Example of bounding boxes which have large overlapping sections. Note how the green bounding box on the left image capture three different instruments inside its box

A central topic in these applications is the correct identification of surgical instruments, where the main focus so far has been the segmentation of the instruments [2, 7, 9, 13]. These methods have shown promising performance for binary segmentation, but have under-performed in instrument type segmentation tasks. These short-comings are mainly due to two reasons: (1) many surgical instruments share the same shaft and/or wrist and only differ in the clasper, and (2) instruments can occupy large portions of the image, requiring global context to be shared amongst pixels far away. These reasons lead to instrument instances being segmented incorrectly or containing multiple different labels. That is, even if these methods provided a perfect segmentation, the task of assigning an instance label would still be impractical. For one, disconnected regions of the same instrument, for example when an instrument is partially occluded, could not be assigned to the same instance. Furthermore, overlapping instruments of the same class would be considered a single instance. Only recently has the focus of the community shifted to the more complex task of instance segmentation [5, 8] where every instrument object is separated into an instance while simultaneously segmenting pixels belonging to it. Instance segmentation provides a natural way of separating object instances and their pixels, which is vital for applications such as instrument pose estimation and tracking. Pose estimation applications which make use of 3D models [1] require both the segmentation masks and instance type as input. Furthermore, these methods are agnostic to robotic and non-robotic surgeries where typically no prior information to instrument presence is available.

These methods rely on bounding box object detection methods adopted from methods designed for natural images. Yet, bounding boxes are not suitable for instruments that typically span larger spatial sizes with unequal length-width ratios.

Specifically, previous methods have focused on the problem from the view of semantic segmentation and only a few as instance segmentation [5, 8]. The problem at hand is more complex as it requires the proper separation of objects into their instances whilst segmenting their pixels. Many methods in the scope of instance segmentation have expanded methods from object detection with a subsequent segmentation part, a well-known example of this is Mask-RCNN [6]. These methods make heavy use of bounding boxes around the objects to latter perform segmentation. We argue that the concept of bounding boxes is ill-suited for the task at hand. For one, the instruments vary significantly in size and most importantly in angle. An instrument which is located on the diagonal of the image would require a bounding box the size of the image, potentially completely encapsulating other instruments as depicted in Fig. 1.
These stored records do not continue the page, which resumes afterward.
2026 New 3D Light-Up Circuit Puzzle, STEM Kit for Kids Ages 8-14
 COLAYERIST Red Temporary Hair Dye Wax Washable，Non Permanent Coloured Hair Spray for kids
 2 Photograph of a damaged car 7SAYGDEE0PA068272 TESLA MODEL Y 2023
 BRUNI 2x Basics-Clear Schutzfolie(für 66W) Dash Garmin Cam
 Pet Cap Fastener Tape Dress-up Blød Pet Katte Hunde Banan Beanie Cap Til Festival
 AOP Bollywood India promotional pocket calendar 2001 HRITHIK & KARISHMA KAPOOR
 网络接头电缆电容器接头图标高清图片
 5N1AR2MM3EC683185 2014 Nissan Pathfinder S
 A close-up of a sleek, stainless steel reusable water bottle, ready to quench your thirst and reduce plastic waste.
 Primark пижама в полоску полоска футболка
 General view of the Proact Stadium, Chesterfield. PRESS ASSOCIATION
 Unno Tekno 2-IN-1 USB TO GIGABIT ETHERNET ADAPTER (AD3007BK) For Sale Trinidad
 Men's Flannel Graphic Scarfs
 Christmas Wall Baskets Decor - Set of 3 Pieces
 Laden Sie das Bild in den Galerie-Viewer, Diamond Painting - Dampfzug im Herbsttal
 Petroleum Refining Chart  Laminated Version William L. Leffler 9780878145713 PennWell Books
In this paper, we propose a novel method for instance segmentation and classification of surgical instruments in endoscopic images. We exploit the fact that surgical instruments differ mainly on small parts of the instruments by extracting instances and then classifying them independently. Instruments are initially separated into instances and then independently classified. Our method’s architecture is based on an encoder–decoder network with a shared encoder, two decoders for instance segmentation, and a classifier for instance classification. In comparison with semantic segmentation, our method has distinct advantages. Instance segmentation allows for further processing such as pose estimation [1] or surgical tool tracking [4, 11]. Furthermore, by incorporating the instance segmentation results into the classification task, our method naturally aggregates global visual information from different parts of the image into a instance-wise classifier. This is fundamental to correctly classify elongated objects whose distinctive parts are comparatively small. On the other hand, typical semantic segmentation architectures have difficulties to convey global visual information to all the pixels of their output layers. As we observe experimentally, this behaviour makes them unsuitable for this task.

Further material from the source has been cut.